Perth public relations luminary Paul Downie has passed away after a brief illness, aged 65.
Perth public relations luminary Paul Downie has passed away after a brief illness, aged 65.
Mr Downie’s reputation in the world of PR was built through the 1990s and 2000s, when he worked closely within a growing Forrest business empire at Anaconda Nickel and Fortescue Metals Group among a suite of high-profile businesses.
A former journalist who started in the field in 1983 and worked with The Australian, The West Australian and the Stock & Land, Mr Downie would go on to establish PR firm Porter Novelli Perth alongside Caroline De Mori during the 1990s.

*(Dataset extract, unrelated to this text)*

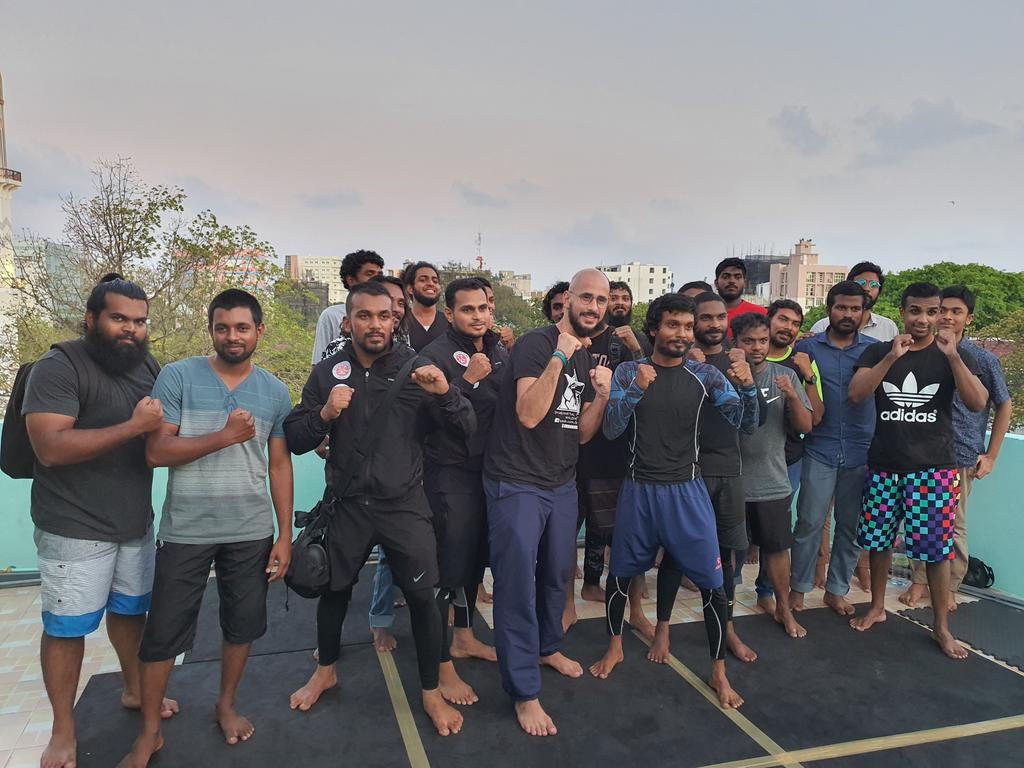 Shuheyl's tweet image. Hello, some pictures from yesterday&apos;s Open Mat. Sharks Martial Art Sensei, 3 Shark guys and 2 @Kudo_Maldives guys joined us and the rest is Shin Atemi. 

No words to describe how immensely proud i am with my students, showed me beautiful taps and subs. 👹

#OpenMat #Maldives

Ms De Mori – who later founded Purple with Warrick Hazeldine – sold her stake in that business to John McGlue in its early days, and Messrs Downie and McGlue ran the agency until its acquisition by Financial Dynamics, a subsidiary of FTI Consulting, in 2008.
Ms De Mori told Business News that Mr Downie was a larger than life presence.
"He was just so much fun, and he lifted every room he was in," she said.
"He was very sanguine about his health and what was happening.
"Paul was just a lovely human being with a beautiful family, and I don't have a bad word to say about him."
Mr McGlue said the news of his close friend's death was heartbreaking, but that Mr Downie had faced his illness with courage.
“He was a highly intuitive advisor,” he told Business News.
"I saw him in situations with big boards and billionaires, and his intuition was always extremely fine-tuned and valuable.
“That extended into his professional life advising some of the famous and the infamous, because we had some of the infamous on our list from time to time.
“But I think his great quality and skill was that he understood the psychology at work in corporate situations.”
Mr McGlue said he and Mr Downie had been in discussions around future business opportunities as recently as this year.
After a brief sabbatical following the sale of Porter Novelli, Mr Downie was engaged to run strategic communications for Financial Dynamics before being tapped to relocate and revamp the FTI’s Sydney office.
He was appointed as FTI Consulting’s Asian chairman of strategic communications from 2013, based in Singapore, and worked in the role until his eventual retirement in 2022.
FTI senior managing director of strategic communications Cameron Morse told Business News that Mr Downie would be remembered fondly by those he worked with.
“Paul was widely known and well respected among the Perth business community,” he said.
“While he will no doubt be remembered for his gregarious nature and love of life, many clients, colleagues and friends benefited from his wise counsel throughout Paul’s professional career.”
Reflecting Mr Downie’s connections, geniality and willingness to innovate, in the early 2000s he was integral in founding a regular forum for Perth business journalists known as the Rason Club which operated for several years.

Paul Downie (second from right) at a Rason Club event in the 1990s, alongside Business News senior editor Mark Pownall, Purple investor relations director Peter Klinger and Albemarle head of external affairs Tom Baddeley. Photo: supplied
In retirement, Mr Downie sat on the board of Perth Festival where he was appointed in 2023.
He was an avid long-distance swimmer who had crossed the English Channel.
Mr Downie leaves a wife and three children.